Wednesday, August 5, 2009

Who takes the accountabilty

I find that the user is held accountable for all software deliveries. The requirement artifacts that are produced are expected to be signed off by the user of the software, if there is any misunderstanding or ambiguity or incompleteness, once the sign off is done the noose is on the users neck. After the software is built, it is again the users responsibility to do a user acceptance test and if any test conditions are missed out or defects not detected in the acceptance test, it again is the users responsibility that it was missed out.

Requirements can any one get them right

We have all been struggling in eliciting requirements that stay invariant from users and if not in all in most cases, we have had a variety of mechaisms from DFDs to Use Cases for the user to verify that the requirements have been captured accurately and completely. However, there is always a gap is what is in the users mind and what is put on paper. We expect the user to sign off hundreds of pages requirements and carve them in stone. IMHO getting requirements down is like writing an instruction manual on how to swim or bicycle or walk. We know how to do it but we cannot describe it so that a person by following the description will be able to swim, ride a bicycle or walk. A user makes a decision, after experience, during a business process automatically, he does not refer to a procedure manual which tells him the exact way a decision is to be made with a long nested if then else. If the user is unaware on how to make a decision as a new situation has come, he just asks a more experienced person who is around. I think we have unreasonable expectations that the user should be able to speak out all the possible permutations and combinations which is required to create a system and hold a Change Request against his head.

We need to accept that getting 100 percent of requirements down to the minutest detail is not paossible and stop holding Cahnge Requests on the Users Temple

Sunday, July 19, 2009

Should we pay for all the bells and whistles

Do software makers give features to end users of the system because they need it to do their job easier or is it done to give an intellectual programming challenge to the developers and architects of the software. If we look at the bells and whistles provided by the Microsoft Office family, does anyone really know or use all of them. Finding out a feature itself is no simple task. Unfortunately software prices include all the bells and whistles which people really do not use. All documents need not be shiny, for example documents for internal circulation.

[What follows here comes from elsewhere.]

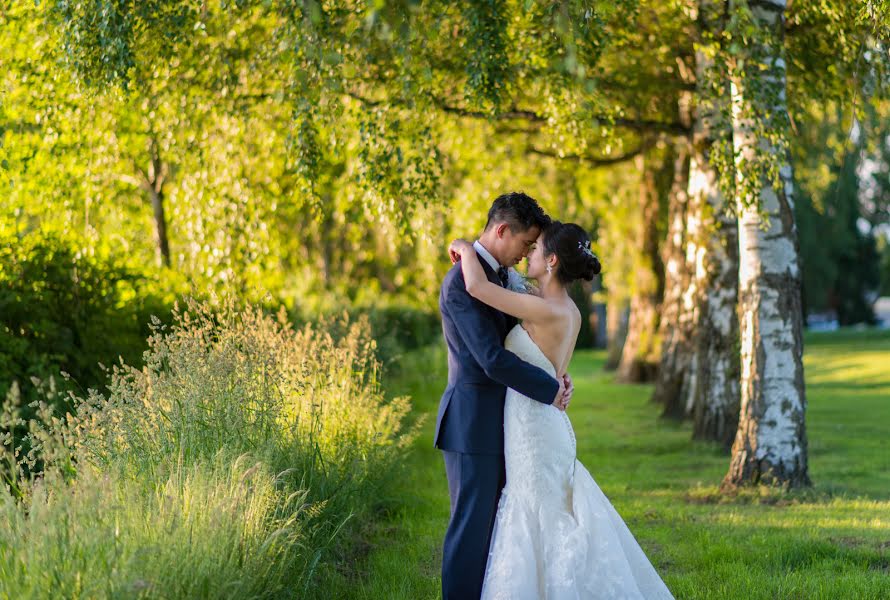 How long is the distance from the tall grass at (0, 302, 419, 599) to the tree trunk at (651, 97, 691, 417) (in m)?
7.41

Software vendors should have a minimum of two versions one which gives the essential features at a low price and the one will all the shiny bells and whistles at a higher price.

Monday, July 13, 2009

How similar are Software Engineering and Engineering

The principles that apply to Engineering have been extended to Software Engineering. Is this really the right thing to do? The principles of Engineering have made Engineering products reliable, their delivery times reliable and of consistent quality. However Software products have yet to reach that level. Engineering products are made with human and machine effort, a larger part being machine effort while in software the greater effort is from the human side. Machines are predictable in nature and two identical machines will perform very similarly, while humans are very unpredictable even twins will not give the same output. The same human being's output itself is inconsistent the same task done by the same human being may give different results on two different occasions. Is it really right to apply the principles of machines to human beings or we need to create a new model?

Wednesday, July 8, 2009

Is the complexity of software development becoming more

As we have moved from 3rd generation procedural languages to the an object oriented world and larger language sets I find that the amount of complexity has increased and the time to get the software out of the door has increased. Due to the largeness of the newer languages, it is difficult to master or even be aware of the available constructs. Both these I think have a role to play in the unreliability of software.

Saturday, August 30, 2008

Software Updates - How many of us use the new features?

All Software Vendors charge customers an annual maintenance fees for support ( read defects in the software) and updates with new features. The cost of these fees is pretty high anything from 15 % of the list price to as as high as 30 % of the list price. I find that most applications do not use the new features. For existing applications in production, using the new features means a regression test, for new applications it means undergoing a training and trying out the new features. Do production applications have the budget and time for this or even for new applications do people have time and budget for learning experimenting and implementing. Are we using what we are paying for?

Wednesday, April 2, 2008

How Much Do We Need to Repeat Code

With the new paradigms in Software , I find that the same validations need to be repeated over many of the tiers of the application software. The same validation is repeated in Javascript , Middle Tier and the database layer. This means more maintenance, keeping the n parts in sync and more hardware horsepower to maintain and run the application. Sigh!